#### Listed entries
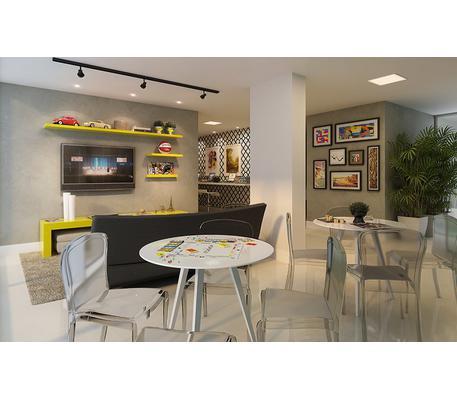 Apartamento, Cidade Industrial, 3 Quartos, 2 Vagas, 1 Suíte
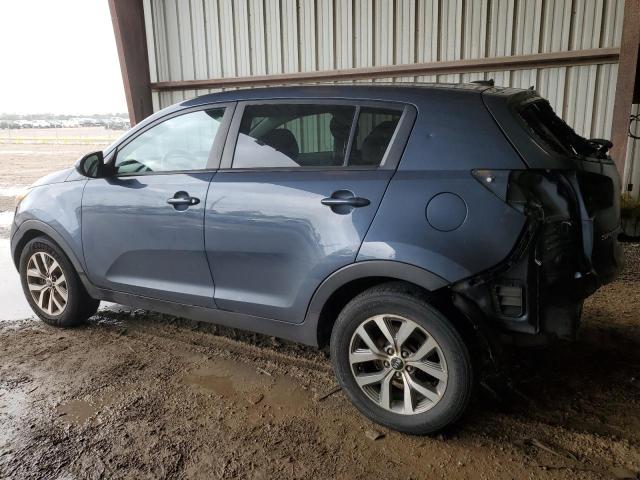 Изображение 2 2016 KIA SPORTAGE LX 2016 с VIN KNDPBCAC1G7826327
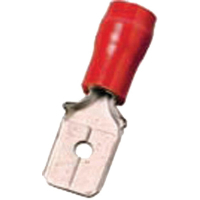 ICIQ168FSLAPIK PISTIK 6.3X0.8MM 0.5-1MM² PUNANE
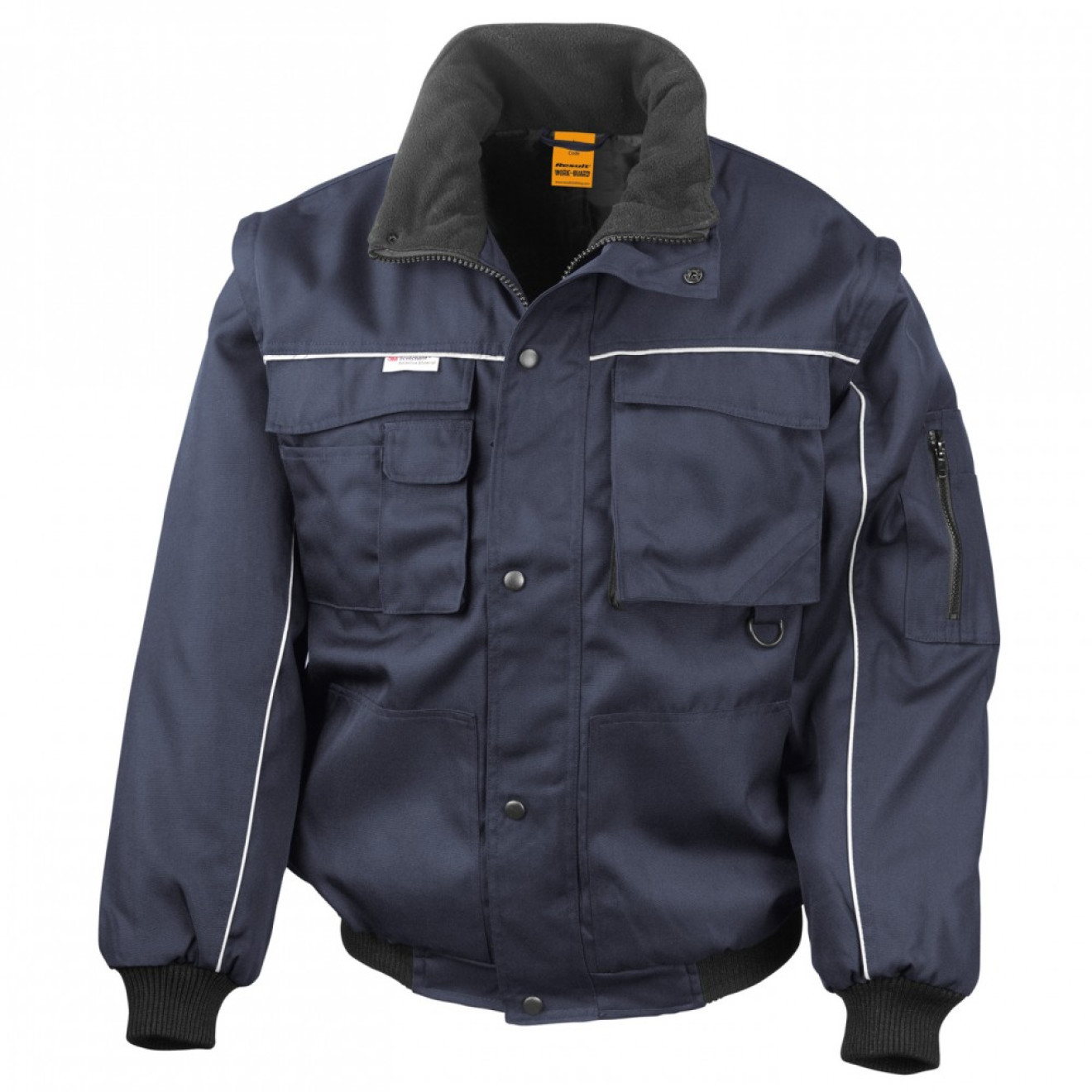 Heavy Duty Jacket 2 in 1 | bis 3XL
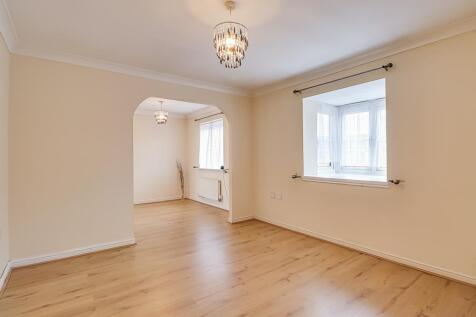 Lounge through to Dining Room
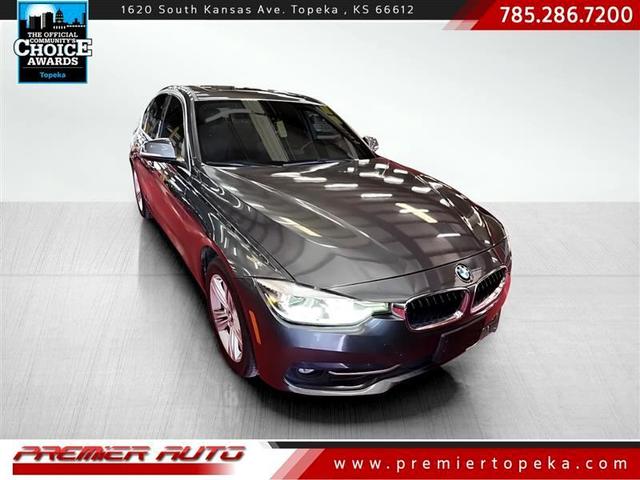 2018 BMW 330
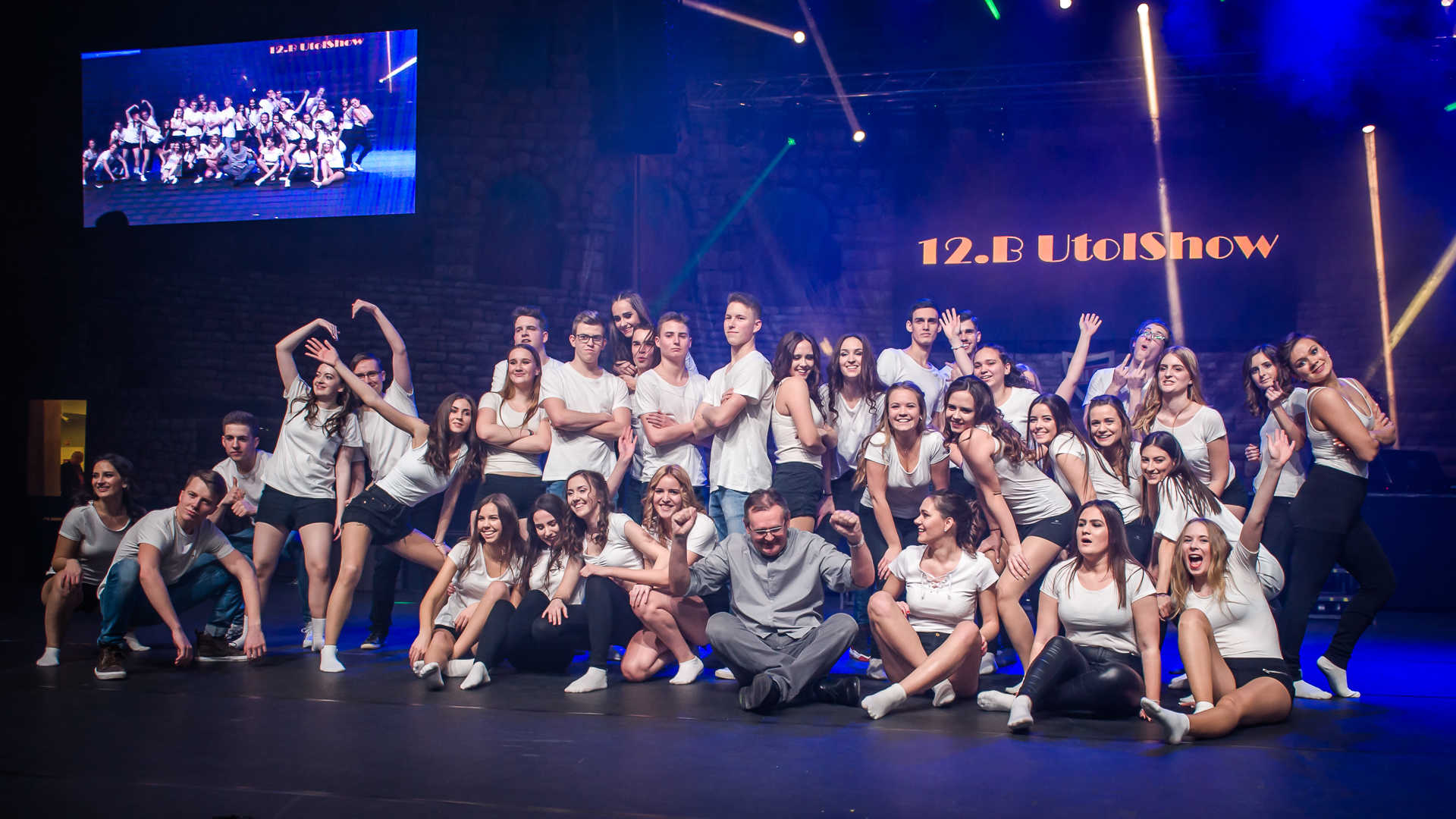 NLG szalagavat&oacute; 2019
########
In the copy, no pictures are to appear; write out exactly the lines from the one containing "Heavy Duty Jacket 2 in 1 | bis 3XL" through the end of the listing above and no further lines.

__Answer for this exercise__:
 Heavy Duty Jacket 2 in 1 | bis 3XL
 Lounge through to Dining Room
 2018 BMW 330
 NLG szalagavat&oacute; 2019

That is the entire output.